Another revision makes clear that the state Department of Health can deny or revoke medical licenses if doctors violate professional standards in terminating pregnancies, Lynch Prata said. “Again, it’s not an addition -- it just makes clear that if there are bad actors out there, there are consequences,” she said.
In addition, the revised bill would allow the state to charge people with felony assault if they attack a woman knowing (or having reason to know) that she’s pregnant and the assault results in the termination of that pregnancy, Lynch Prata said.
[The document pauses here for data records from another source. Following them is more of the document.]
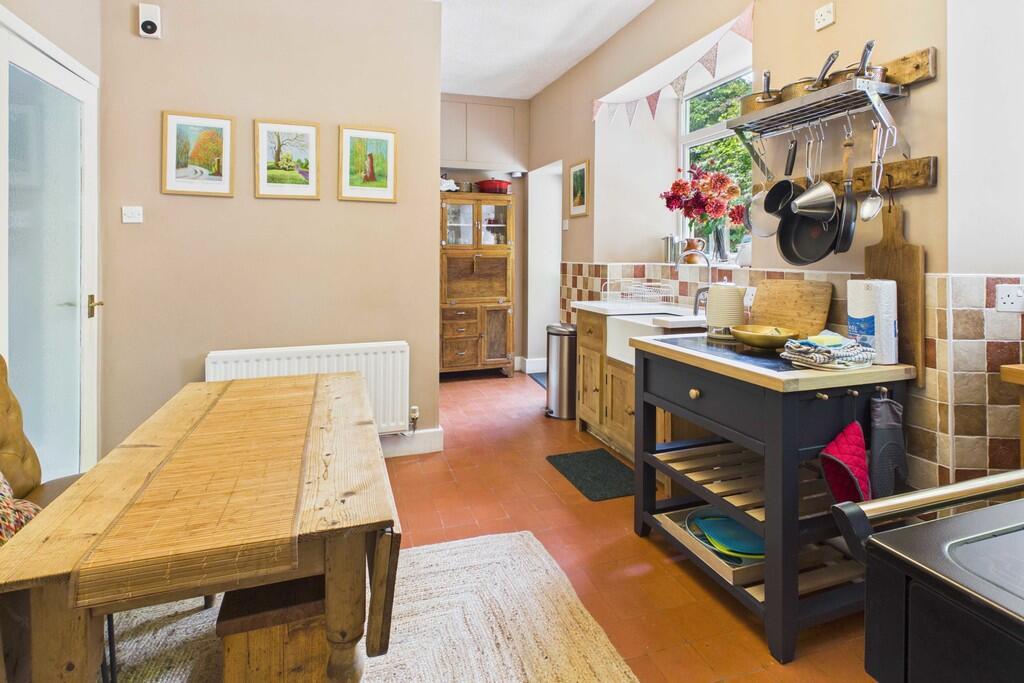 Yewbarrow Cottage, Hampsfell Road, Grange-over-Sands, Cumbria, LA11 6BE photo 4
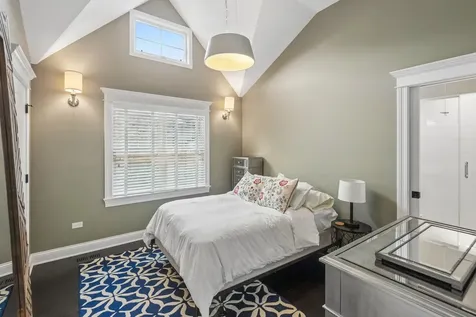 2109 West Sunnyside Avenue Chicago IL 60625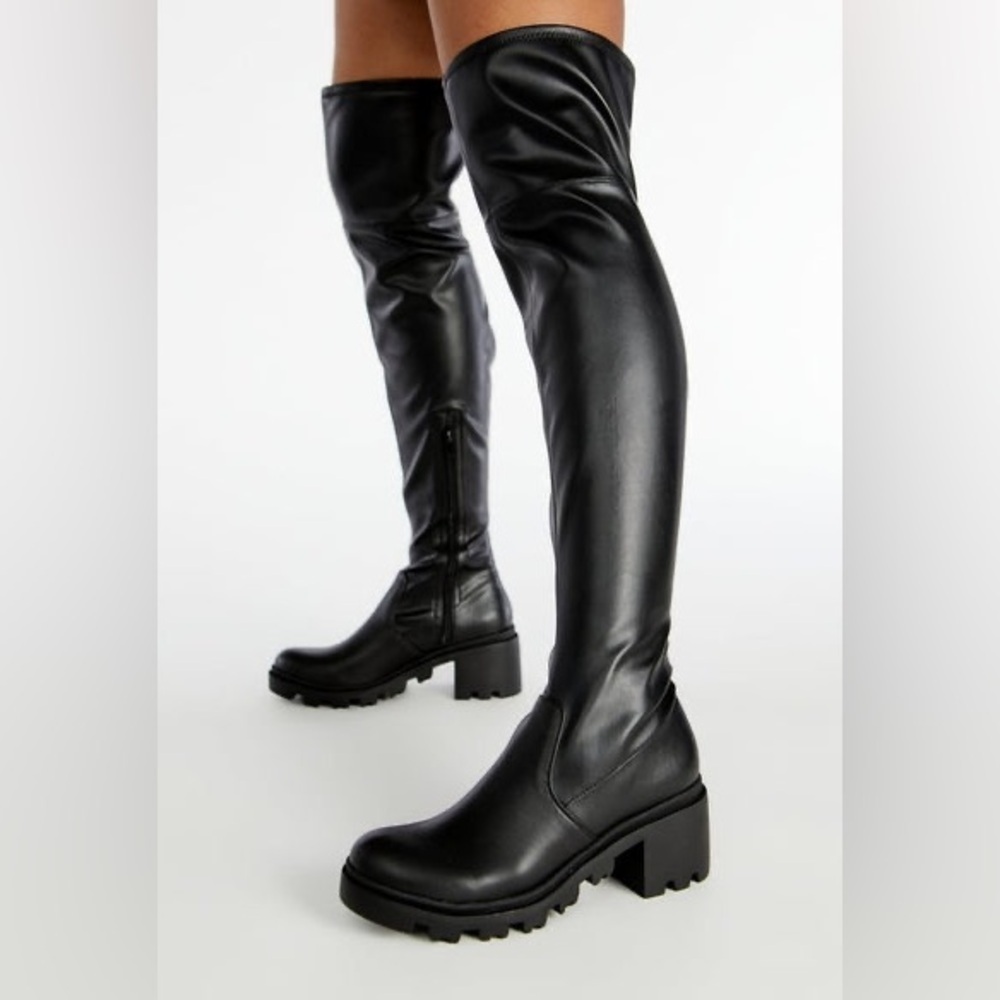 Black Lug Sole Over-The-Knee Boot- Never been Worn - Picture 4 of 4
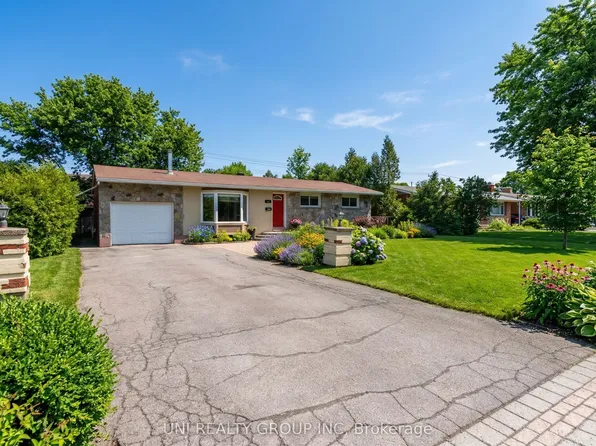 17 Forest Park Ave, Ottawa, ON K2E 5A2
That provision could not be used against doctors performing abortions, she said.
Another change eliminates a provision that would have allowed grandparents or siblings over the age of 25 to grant consent for a minor to have an abortion, Lynch Prata said. She said she understands why the bill’s House sponsor, Providence Democratic Representative Anastasia P. Williams, included that section in the bill, but she said members of the Senate Judiciary Committee had concerns about making any additions to current law. “Again, the goal is not to grant any additional rights than we already have,” she said.
Lynch Prata, a senator for 10 years and an attorney who practices family law, said she never thought she would see abortion become a state-level issue. But she said many Rhode Islanders are concerned that the U.S. Supreme Court, with new members appointed by President Donald Trump, will overturn precedents, including the 1973 landmark ruling in Roe v. Wade. And she said states such as Alabama and Georgia are passing strict abortion limits in an attempt to propel legal challenges to the high court.
“I was born after Roe v. Wade, so in my head this was something that was ‘the law of the land’ — not something I needed to worry about,” Lynch Prata said. “I think there is a very real threat now of that law being overturned and going back to the early 1970s, where it became an issue of people having the money to travel to get abortions and people dying while seeking unlawful abortions. It’s not something I want to go back to.”
Rhode Island is the most Catholic state, and Providence Bishop Thomas J. Tobin has fought hard against the abortion rights bill. But Lynch Prata said, “I think there is no question there is overwhelming support in the state for codifying the status quo.”
Lynch Prata — who was raised Catholic along with nine brothers and sisters and who attended Boston College and the Catholic University of America law school — said, “I can say through my religious upbringing I’ve been taught to think for myself. To me, this is a health-care issue, and me being pro-choice does not make me pro-abortion.”
Regardless of what she would do herself, Lynch Prata said she feels she has no right to tell others whether to have an abortion. “It should be between them and their doctor,” he said.
Lynch Prata said it was difficult finding ways to modify the bill. “For most people it’s very very personal — this isn’t an issue where a lot of people are on the fence and you can make a few word changes,” she said. “You have to sit down and get into it and understand people’s concerns and have them understand what we are trying to do.”
It is important to address the matter now, Lynch Prata said.
“The issue is not going away,” she said. “Now is the time to put that work in to get us to a point where where we can codify the status quo and move on.”